Le dilemme est désormais posé : Airbnb alimente une économie touristique florissante, génère des revenus d’appoint pour de nombreux particuliers et contribue à l’attractivité des territoires. Mais il accentue la pénurie de logements, alimente la flambée des loyers et transforme la vie quotidienne des habitants des grandes villes comme des stations balnéaires.

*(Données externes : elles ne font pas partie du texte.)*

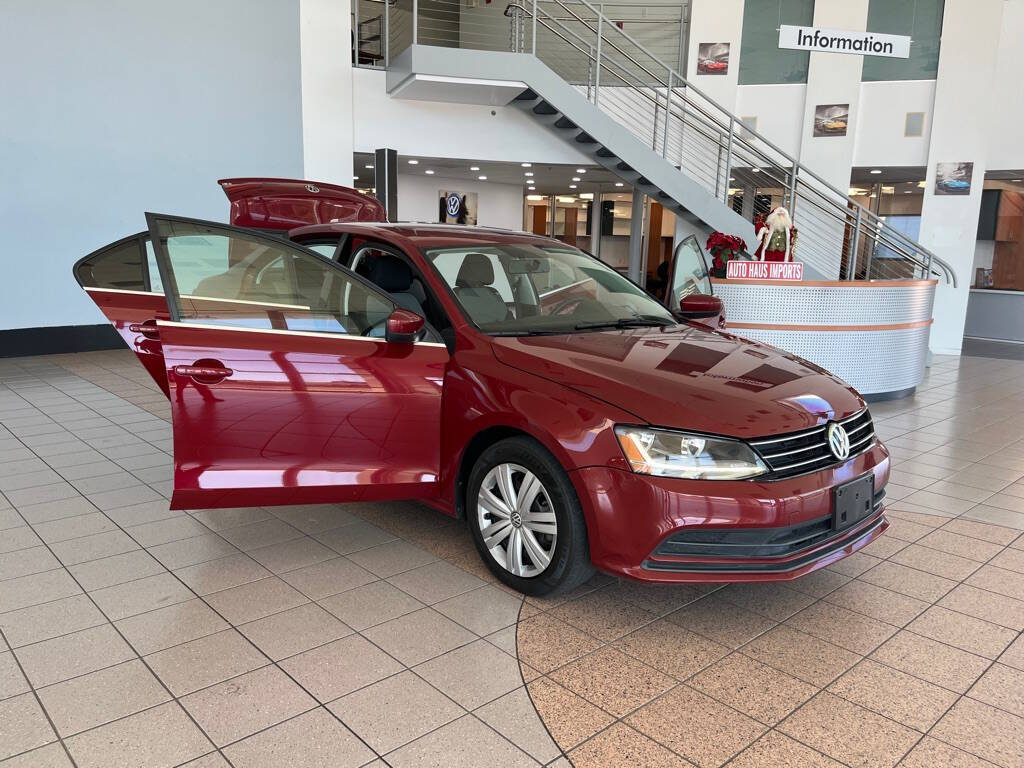 2017 Volkswagen Jetta for sale at Auto Haus Imports in Grand Prairie, TX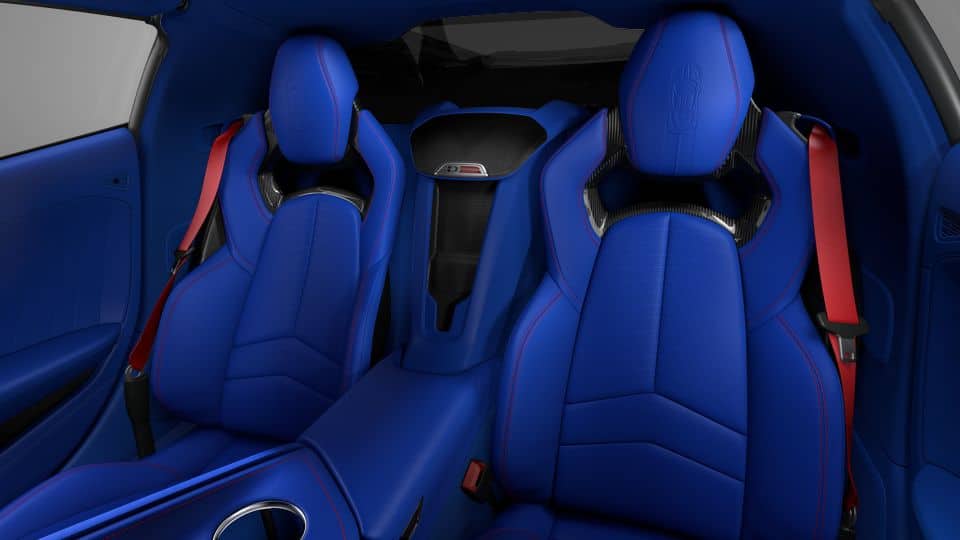 2027 Chevrolet Corvette 3LT - Photo 32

De nouvelles pistes sont régulièrement discutées, de la réduction du nombre de jours autorisés à l’interdiction de louer des résidences secondaires dans les zones les plus saturées. La régulation d’Airbnb reste donc un chantier ouvert. En toile de fond, une question essentielle : comment concilier le dynamisme touristique et le droit fondamental au logement ?

Notes
1 Chiffres de la Ville de Paris.
2 Études forum Grand Paris


Zoom sur cinq villes françaises

Airbnb n’impacte pas toutes les villes de la même manière. Certaines communes touristiques ou métropoles ont déjà pris des mesures fortes pour tenter de limiter ses effets.

Paris

Avec près de 90 000 annonces recensées en décembre 2024, Paris est le terrain de jeu principal d’Airbnb en France. Près de 90 % concernent des logements entiers, ce qui réduit d’autant l’offre disponible pour les habitants. Depuis le 1er janvier 2025, la location d’une résidence principale en meublé touristique est limité à90 jours par an au lieu de 120 jusqu’alors. Les boîtes à clés sont interdites sur l’espace public et doivent être retirées sous peine de destruction. Malgré cela, plusieurs dizaines de milliers d’annonces restent potentiellement illégales.

Lyon

La capitale des Gaules a adopté en 2018 un plafond de 120 jours et exige une déclaration obligatoire en mairie. Les autorités lyonnaises observent une tension croissante dans les quartiers centraux (Presqu’île, Croix-Rousse), où la multiplication des locations touristiques pèse sur l’accessibilité au logement étudiant et familial.

Bordeaux

Dans la métropole girondine, la flambée des loyers est en partie attribuée à Airbnb. La ville a instauré un système de zones où les règles varient selon la tension du marché. Le dispositif prévoit un contrôle renforcé dans l’hypercentre, où la transformation de résidences secondaires en Airbnb est désormais limitée.

Nice

La Côte d’Azur, avec ses 137 700 annonces en région PACA, est l’un des points névralgiques du phénomène. À Nice, la municipalité impose un numéro d’enregistrement obligatoire pour toute annonce et a renforcé ses contrôles afin de sanctionner les multipropriétaires qui contournent la réglementation.